§ **REQUIRED WORK**
Everything from the line containing "empresas locais em" through the line containing "dúvidas...), mas definitivamente" should be repeated exactly, and nothing else from the data.
··· INPUT DATA
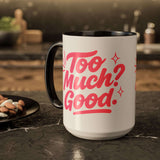 Colorful affirmation mug with the phrase 'Too Much? Good.' on a black and white design, perfect for coffee lovers.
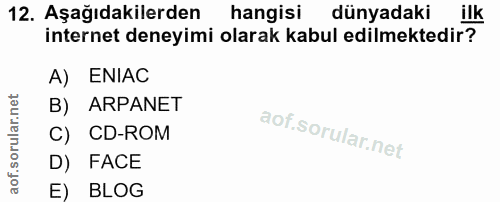 12. soru: Aşağıdakilerden hangisi dünyadaki ilk internet deneyimi olarak kabul edilmektedir? A) ENIAC B) ARPANET C) CD-ROM D) F…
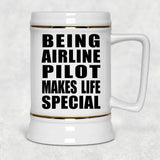 Being Airline Pilot Makes Life Special - Beer Stein
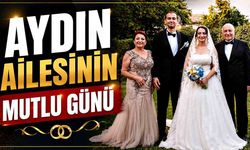 Aydın ailesinin mutlu günü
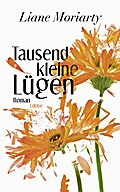 Tausend kleine Lügen
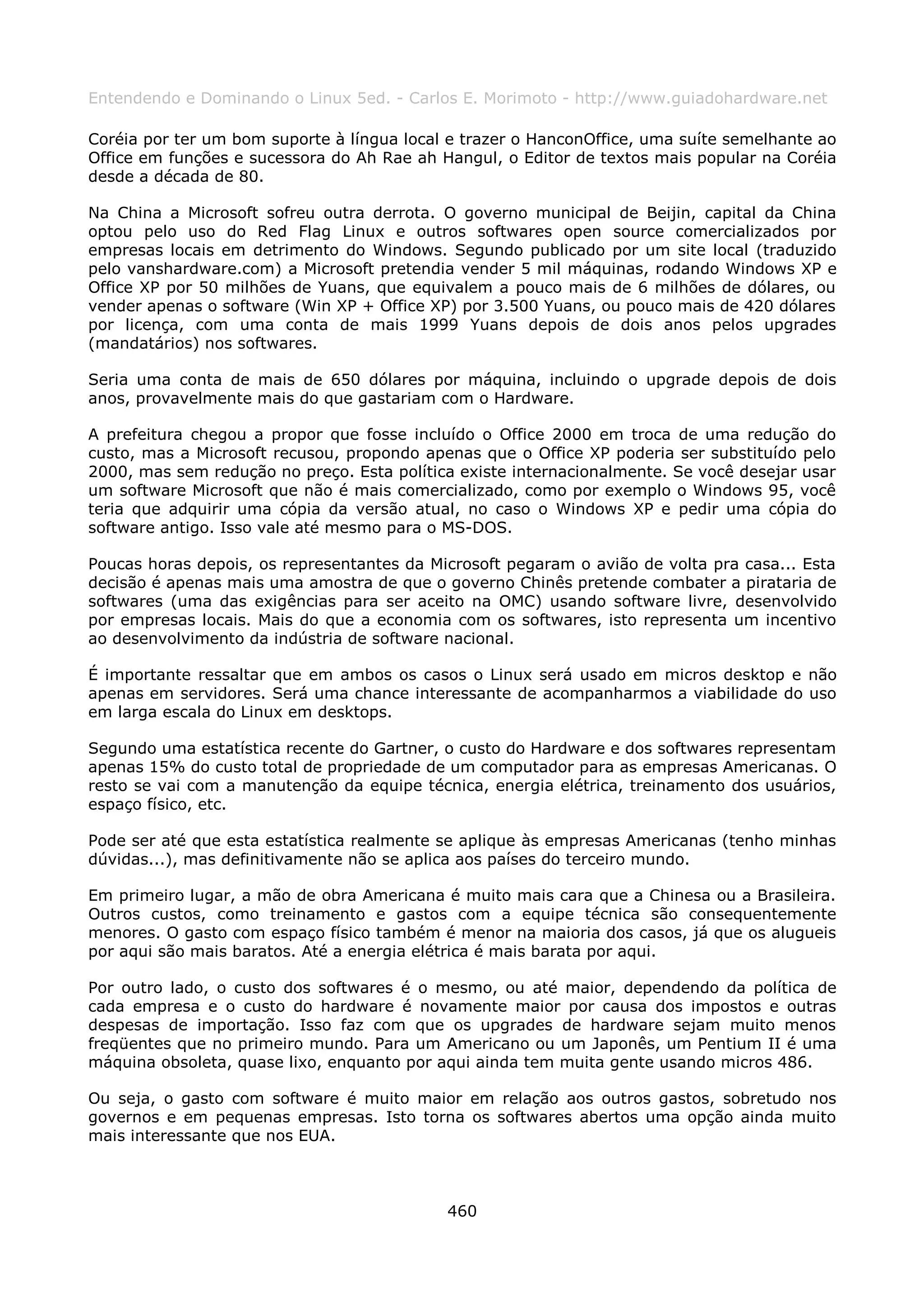Entendendo e Dominando o Linux 5ed. - Carlos E. Morimoto - http://www.guiadohardware.net

Coréia por ter um bom suporte à língua local e trazer o HanconOffice, uma suíte semelhante ao
Office em funções e sucessora do Ah Rae ah Hangul, o Editor de textos mais popular na Coréia
desde a década de 80.

Na China a Microsoft sofreu outra derrota. O governo municipal de Beijin, capital da China
optou pelo uso do Red Flag Linux e outros softwares open source comercializados por
empresas locais em detrimento do Windows. Segundo publicado por um site local (traduzido
pelo vanshardware.com) a Microsoft pretendia vender 5 mil máquinas, rodando Windows XP e
Office XP por 50 milhões de Yuans, que equivalem a pouco mais de 6 milhões de dólares, ou
vender apenas o software (Win XP + Office XP) por 3.500 Yuans, ou pouco mais de 420 dólares
por licença, com uma conta de mais 1999 Yuans depois de dois anos pelos upgrades
(mandatários) nos softwares.

Seria uma conta de mais de 650 dólares por máquina, incluindo o upgrade depois de dois
anos, provavelmente mais do que gastariam com o Hardware.

A prefeitura chegou a propor que fosse incluído o Office 2000 em troca de uma redução do
custo, mas a Microsoft recusou, propondo apenas que o Office XP poderia ser substituído pelo
2000, mas sem redução no preço. Esta política existe internacionalmente. Se você desejar usar
um software Microsoft que não é mais comercializado, como por exemplo o Windows 95, você
teria que adquirir uma cópia da versão atual, no caso o Windows XP e pedir uma cópia do
software antigo. Isso vale até mesmo para o MS-DOS.

Poucas horas depois, os representantes da Microsoft pegaram o avião de volta pra casa... Esta
decisão é apenas mais uma amostra de que o governo Chinês pretende combater a pirataria de
softwares (uma das exigências para ser aceito na OMC) usando software livre, desenvolvido
por empresas locais. Mais do que a economia com os softwares, isto representa um incentivo
ao desenvolvimento da indústria de software nacional.

É importante ressaltar que em ambos os casos o Linux será usado em micros desktop e não
apenas em servidores. Será uma chance interessante de acompanharmos a viabilidade do uso
em larga escala do Linux em desktops.

Segundo uma estatística recente do Gartner, o custo do Hardware e dos softwares representam
apenas 15% do custo total de propriedade de um computador para as empresas Americanas. O
resto se vai com a manutenção da equipe técnica, energia elétrica, treinamento dos usuários,
espaço físico, etc.

Pode ser até que esta estatística realmente se aplique às empresas Americanas (tenho minhas
dúvidas...), mas definitivamente não se aplica aos países do terceiro mundo.

Em primeiro lugar, a mão de obra Americana é muito mais cara que a Chinesa ou a Brasileira.
Outros custos, como treinamento e gastos com a equipe técnica são consequentemente
menores. O gasto com espaço físico também é menor na maioria dos casos, já que os alugueis
por aqui são mais baratos. Até a energia elétrica é mais barata por aqui.

Por outro lado, o custo dos softwares é o mesmo, ou até maior, dependendo da política de
cada empresa e o custo do hardware é novamente maior por causa dos impostos e outras
despesas de importação. Isso faz com que os upgrades de hardware sejam muito menos
freqüentes que no primeiro mundo. Para um Americano ou um Japonês, um Pentium II é uma
máquina obsoleta, quase lixo, enquanto por aqui ainda tem muita gente usando micros 486.

Ou seja, o gasto com software é muito maior em relação aos outros gastos, sobretudo nos
governos e em pequenas empresas. Isto torna os softwares abertos uma opção ainda muito
mais interessante que nos EUA.



                                            460
 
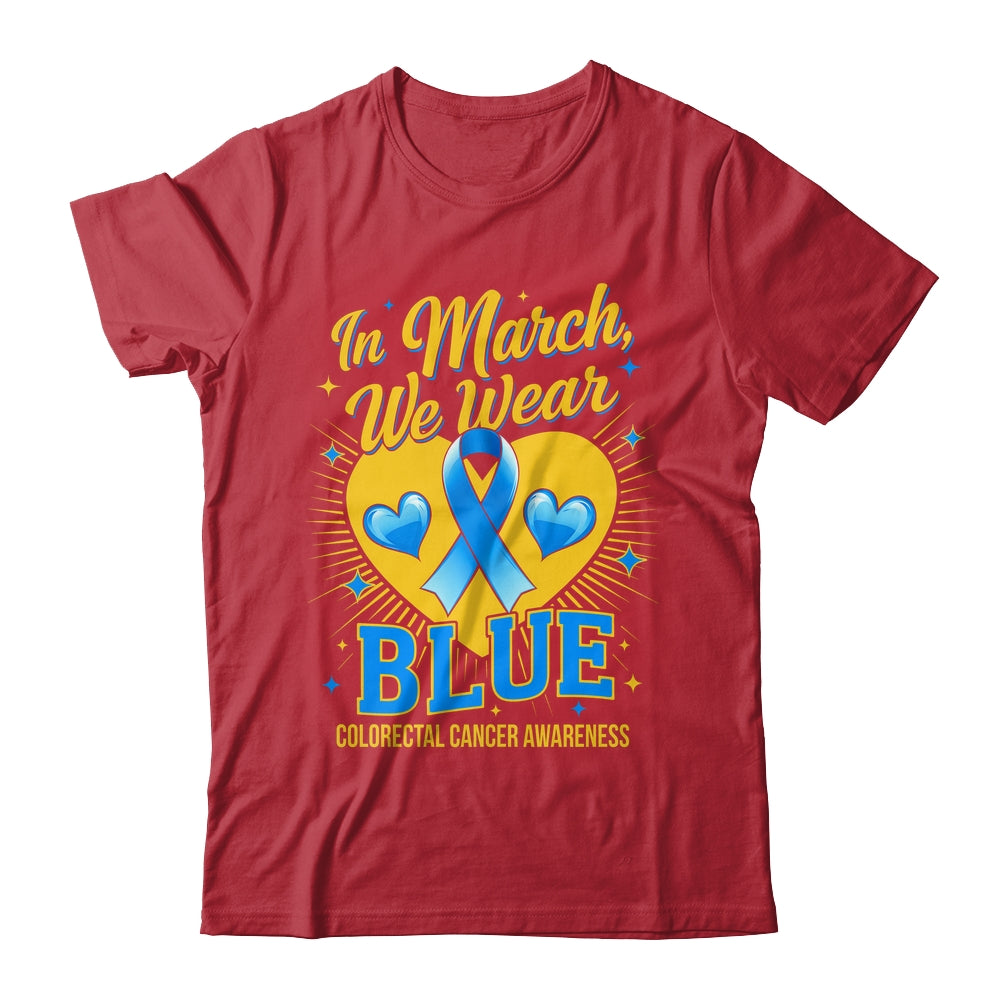 In March We Wear Blue Colorectal Cancer Awareness Shirt & Hoodie | teecentury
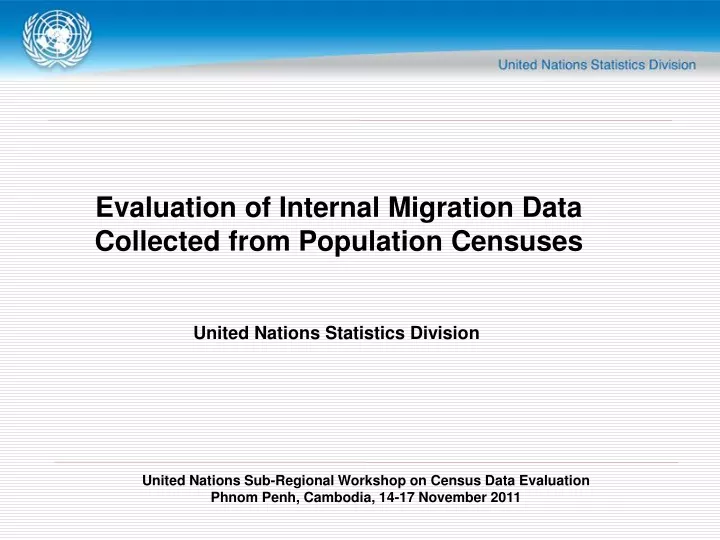 evaluation of internal migration data collected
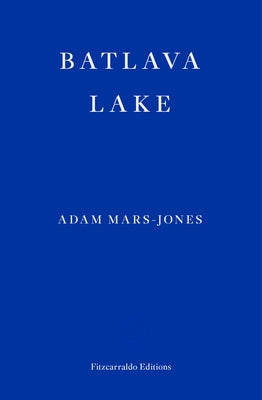 Batlava Lake by Mars-Jones, Adam
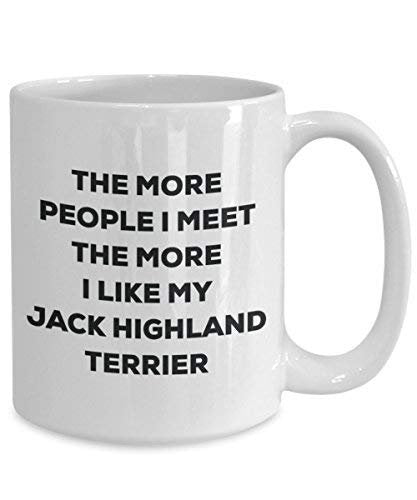 The More People I Meet the More I Like My Jack Highland Terrier Tasse – Funny Coffee Cup – Weihnachten Hund Lover niedlichen Gag Geschenke Idee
······
§ **EXERCISE RESPONSE**
empresas locais em detrimento do Windows. Segundo publicado por um site local (traduzido
pelo vanshardware.com) a Microsoft pretendia vender 5 mil máquinas, rodando Windows XP e
Office XP por 50 milhões de Yuans, que equivalem a pouco mais de 6 milhões de dólares, ou
vender apenas o software (Win XP + Office XP) por 3.500 Yuans, ou pouco mais de 420 dólares
por licença, com uma conta de mais 1999 Yuans depois de dois anos pelos upgrades
(mandatários) nos softwares.

Seria uma conta de mais de 650 dólares por máquina, incluindo o upgrade depois de dois
anos, provavelmente mais do que gastariam com o Hardware.

A prefeitura chegou a propor que fosse incluído o Office 2000 em troca de uma redução do
custo, mas a Microsoft recusou, propondo apenas que o Office XP poderia ser substituído pelo
2000, mas sem redução no preço. Esta política existe internacionalmente. Se você desejar usar
um software Microsoft que não é mais comercializado, como por exemplo o Windows 95, você
teria que adquirir uma cópia da versão atual, no caso o Windows XP e pedir uma cópia do
software antigo. Isso vale até mesmo para o MS-DOS.

Poucas horas depois, os representantes da Microsoft pegaram o avião de volta pra casa... Esta
decisão é apenas mais uma amostra de que o governo Chinês pretende combater a pirataria de
softwares (uma das exigências para ser aceito na OMC) usando software livre, desenvolvido
por empresas locais. Mais do que a economia com os softwares, isto representa um incentivo
ao desenvolvimento da indústria de software nacional.

É importante ressaltar que em ambos os casos o Linux será usado em micros desktop e não
apenas em servidores. Será uma chance interessante de acompanharmos a viabilidade do uso
em larga escala do Linux em desktops.

Segundo uma estatística recente do Gartner, o custo do Hardware e dos softwares representam
apenas 15% do custo total de propriedade de um computador para as empresas Americanas. O
resto se vai com a manutenção da equipe técnica, energia elétrica, treinamento dos usuários,
espaço físico, etc.

Pode ser até que esta estatística realmente se aplique às empresas Americanas (tenho minhas
dúvidas...), mas definitivamente não se aplica aos países do terceiro mundo.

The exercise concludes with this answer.